Random moments when I’ve felt aglow with 9 of Pentacles energy:
Reading the last paragraph of a 5-star book
Discovering a hummingbird’s nest in the orange tree outside of my house
Singing along to Sway by Kacey Musgraves in noise-cancelling headphones
Pressing my head lightly into my cat’s body and hearing his purr begin
Making myself a latte
Repotting my plans into bigger pots
Writing a sentence that sings off the page
Stumbling upon a shock of colorful flowers during a walk
Inhaling and exhaling from a joint
Lying down in soft grass
Stretching my body into a hip-opener
Hearing a bird’s call and then trying to find the bird in the trees
I wish the women of my life had more opportunities to just exist by themselves under a golden sky. I wish I could completely eradicate any feeling of shame from the experience of pleasure, forever.
Being a black sheep is what made it possible for me to find 9 of Pentacles. I’m not comfortable yet saying I completely embody 9 of Pentacles but I aim for it. I want to be this woman in her garden, completely rapt by grapes on the vine and a bird, celebrating all she’s accomplished, all she’s manifested. There’s an energy in the card of pleasure not being awarded but gifted, a divinely-bestowed right that the figure takes as fact. Both of these images are solitary, but while the black sheep mourns for its seclusion the 9 of Pentacles celebrates it. Cultivating moments of divine aloneness is not something to be hidden or ashamed of; it’s powerful and life-sustaining.

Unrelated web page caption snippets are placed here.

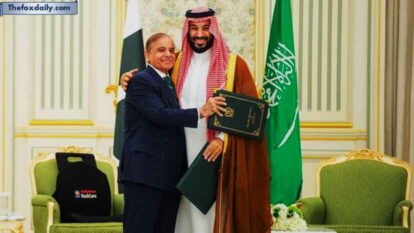 Saudi Crown Prince Mohammed bin Salman and Pakistan Prime Minister Shehbaz Sharif embrace each other on the day they sign a defence agreement, in Riyadh. Saudi Crown Prince Mohammed bin Salman and Pakistan Prime Minister Shehbaz Sharif embrace each other on the day they sign a defence agreement, in Riyadh.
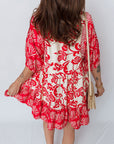 Flower V-Neck 3/4 Sleeve Collar Mini Dress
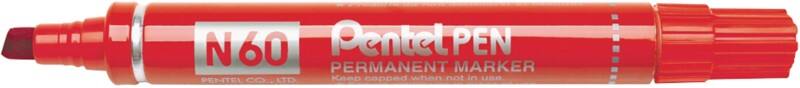 Pentel N60 Permanent Marker  Medium Chisel 3.9 - 5.7 mm Red Water-Resistant Pack of 12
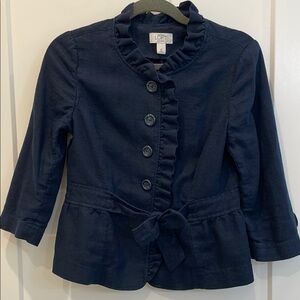 LOFT Women’s Linen Navy Jacket - 8P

I told the therapist that I can see the black sheep existing inside of the 9 of Pentacles. I can imagine its little fluffy body in the background or foreground of this card, belonging in this garden of gold. Maybe the black sheep is only one part of the image; maybe if I zoom out the black sheep is frolicking in a field of pleasure, enjoying itself so much it swears its brushed the divine.
<3 <3
i have never thought about how pleasure was modeled in men vs women in my childhood, that is sooo interesting. i have realized i actually fear pleasure that lasts longer than a second, like if it's too intense for too long, that's scary to me. i always figured that was a Catholic thing lol. i see 9 of pentacles energy in you from the way you notice & find beauty in the light hitting your books or cats or partner in just the right way, and in the warm, easy manner you receive me and others.